__RECORDS FOR THE EXERCISE__.
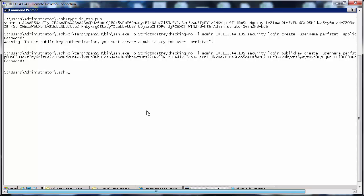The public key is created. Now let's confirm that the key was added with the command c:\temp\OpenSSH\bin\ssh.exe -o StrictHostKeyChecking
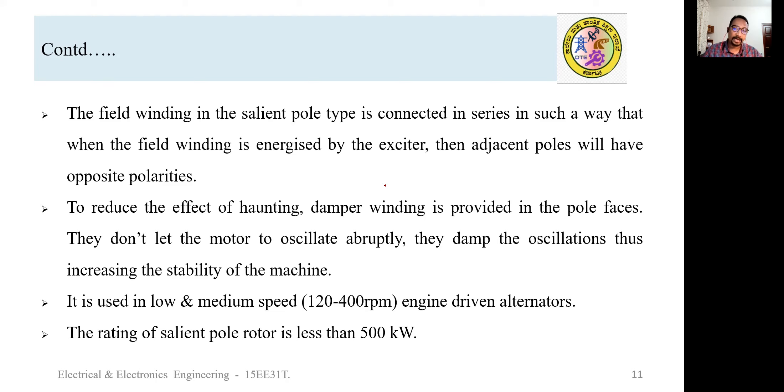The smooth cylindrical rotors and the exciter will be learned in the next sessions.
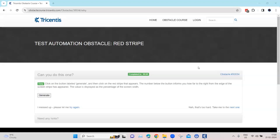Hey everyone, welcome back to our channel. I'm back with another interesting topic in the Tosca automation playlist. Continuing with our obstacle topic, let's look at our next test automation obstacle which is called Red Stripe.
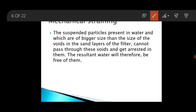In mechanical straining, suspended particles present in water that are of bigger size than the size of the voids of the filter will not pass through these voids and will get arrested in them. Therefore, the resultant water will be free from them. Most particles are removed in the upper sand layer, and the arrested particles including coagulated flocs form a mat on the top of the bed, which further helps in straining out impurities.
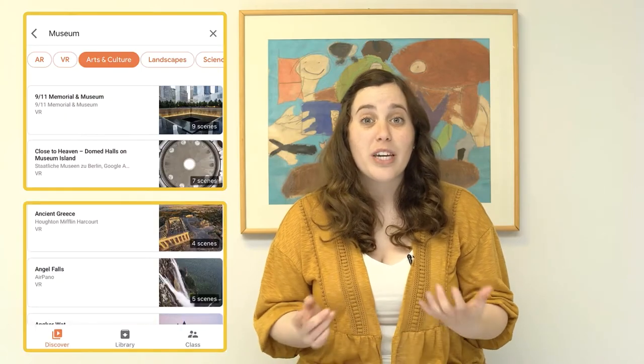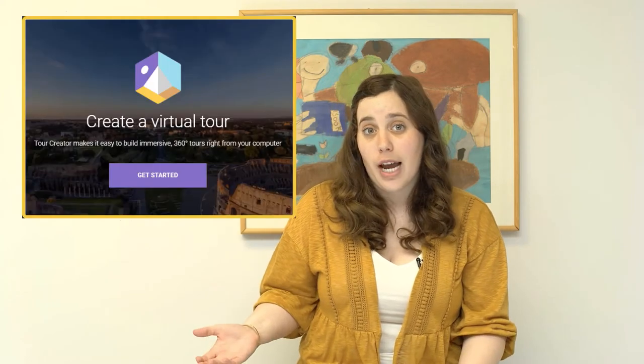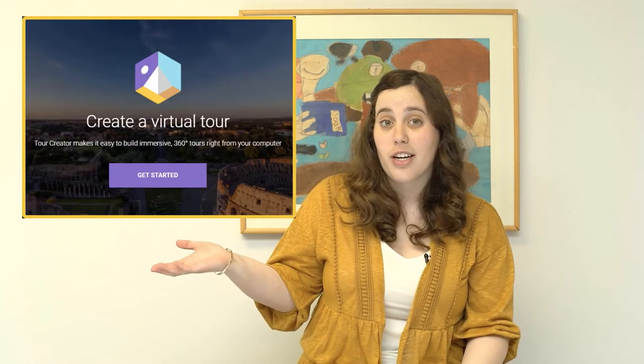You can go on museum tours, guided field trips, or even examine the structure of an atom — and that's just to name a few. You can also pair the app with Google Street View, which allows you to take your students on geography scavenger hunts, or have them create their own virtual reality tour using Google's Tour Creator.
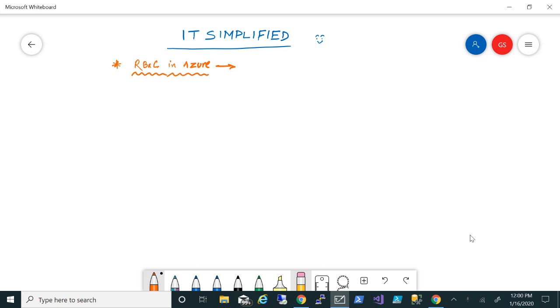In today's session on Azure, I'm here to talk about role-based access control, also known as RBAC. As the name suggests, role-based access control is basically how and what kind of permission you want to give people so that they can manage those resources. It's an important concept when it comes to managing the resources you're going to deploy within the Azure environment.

__EXERCISE BRIEF__. An exact transcription of the data above is needed, without the pictures.

__REPLY TO THE TASK__.
The public key is created. Now let's confirm that the key was added with the command c:\temp\OpenSSH\bin\ssh.exe -o StrictHostKeyChecking
The smooth cylindrical rotors and the exciter will be learned in the next sessions.
Hey everyone, welcome back to our channel. I'm back with another interesting topic in the Tosca automation playlist. Continuing with our obstacle topic, let's look at our next test automation obstacle which is called Red Stripe.
In mechanical straining, suspended particles present in water that are of bigger size than the size of the voids of the filter will not pass through these voids and will get arrested in them. Therefore, the resultant water will be free from them. Most particles are removed in the upper sand layer, and the arrested particles including coagulated flocs form a mat on the top of the bed, which further helps in straining out impurities.
You can go on museum tours, guided field trips, or even examine the structure of an atom — and that's just to name a few. You can also pair the app with Google Street View, which allows you to take your students on geography scavenger hunts, or have them create their own virtual reality tour using Google's Tour Creator.
In today's session on Azure, I'm here to talk about role-based access control, also known as RBAC. As the name suggests, role-based access control is basically how and what kind of permission you want to give people so that they can manage those resources. It's an important concept when it comes to managing the resources you're going to deploy within the Azure environment.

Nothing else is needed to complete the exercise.